The seminal package if you want both software versioning and project planning
May 31, 2021

The seminal package if you want both software versioning and project planning

Dylan Eikelenboom | TrustRadius Reviewer
Score 9 out of 10
Vetted Review
Verified User

Overall Satisfaction with GitLab

GitLab is the premier software versioning system. However, it has grown in the last couple of years to be much more than that.
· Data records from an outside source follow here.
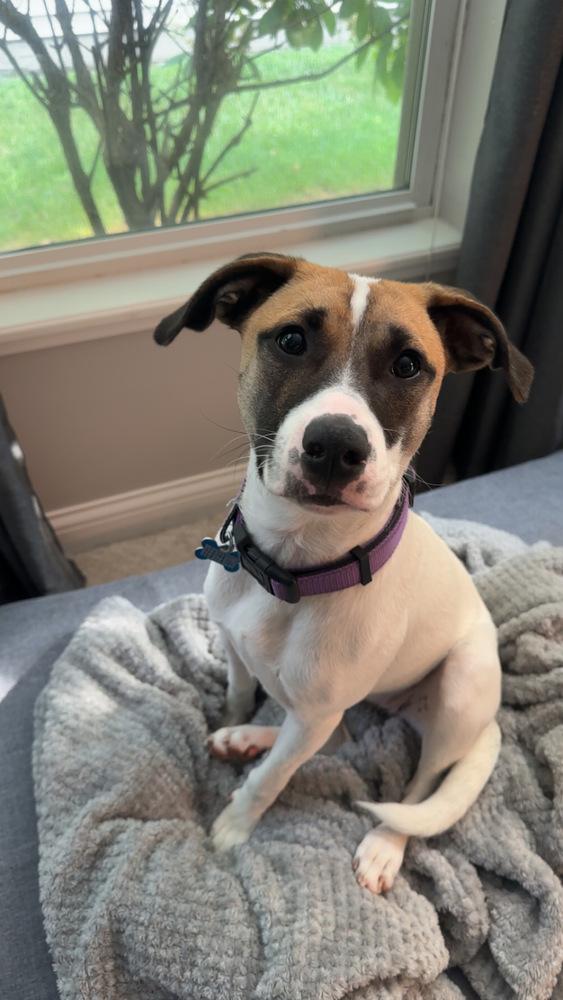 Rosemary (Baking & Spices), a Adoptable mixed breed in New Albany, OH image 3/6
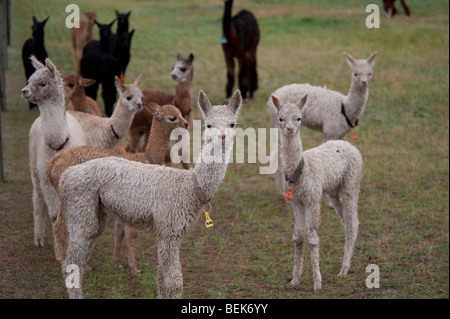 HERDE VON ALPAKAS, CHRISTCHURCH, NEUSEELAND Stockfoto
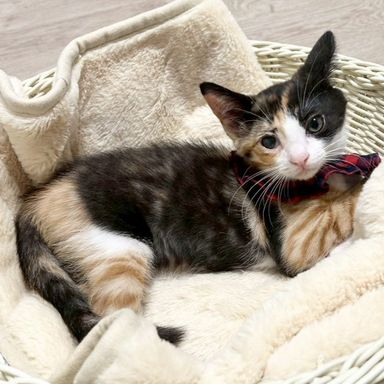 雑種（ミックス猫）・メスの里親募集の写真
Everything related to tracking issues to closure, planning, troubleshooting, Kanban boards, roadmaps has recieved multiple great iterations to the point where we use it for much more than just storing the source code we make.
  • It uses the well-known Git language to communicate with, which is very popular
  • The interface is slick and easy to get used to
  • They are very transparant in their security issues
  • Updating the software from the command line is the easiest I have come across
  • Despite having a good UI, they regularly tweak it, meaning you might have trouble finding a particular feature after an update
  • The higher tier plans are abit too pricey in my opinion
  • It has a learning curve due to the amount of features included
  • It helped us integrate more processes in their platform, reducing the amount of additional SaaS-services we previously had
  • The GitLab environment helps reduce the risk of an adverse effect on our source code (i.e. our IP) due to it's redundancy and security-centric mindset
  • The automated security testing helps us automatically reach compliance with security standards, and reduce vulnerabilities
As mentioned before, GitHub and GitLab are at its core very similar. Both have a primary function as a software versioning system and allow multiple developers to work simultaneously on a project. GitLab, in my opinion, excells above the others due to its branching out into other parts of project development.
GitLab's integrated security suite helped us identify vulnerabilities we weren't aware of. It's real strength is integrating it into your merge process, making sure that the security analysis always runs on any new code.
We generally use multiple continuous integration (CI) pipelines for each project we have. We have pipelines running and reporting on our unit tests, on our code coverage, building our (Docker) containers or even automatically deploying the new software. It all helps immensely maintaining and proving compliance with our coding/security standards, while for the developers it mainly improves their efficiency.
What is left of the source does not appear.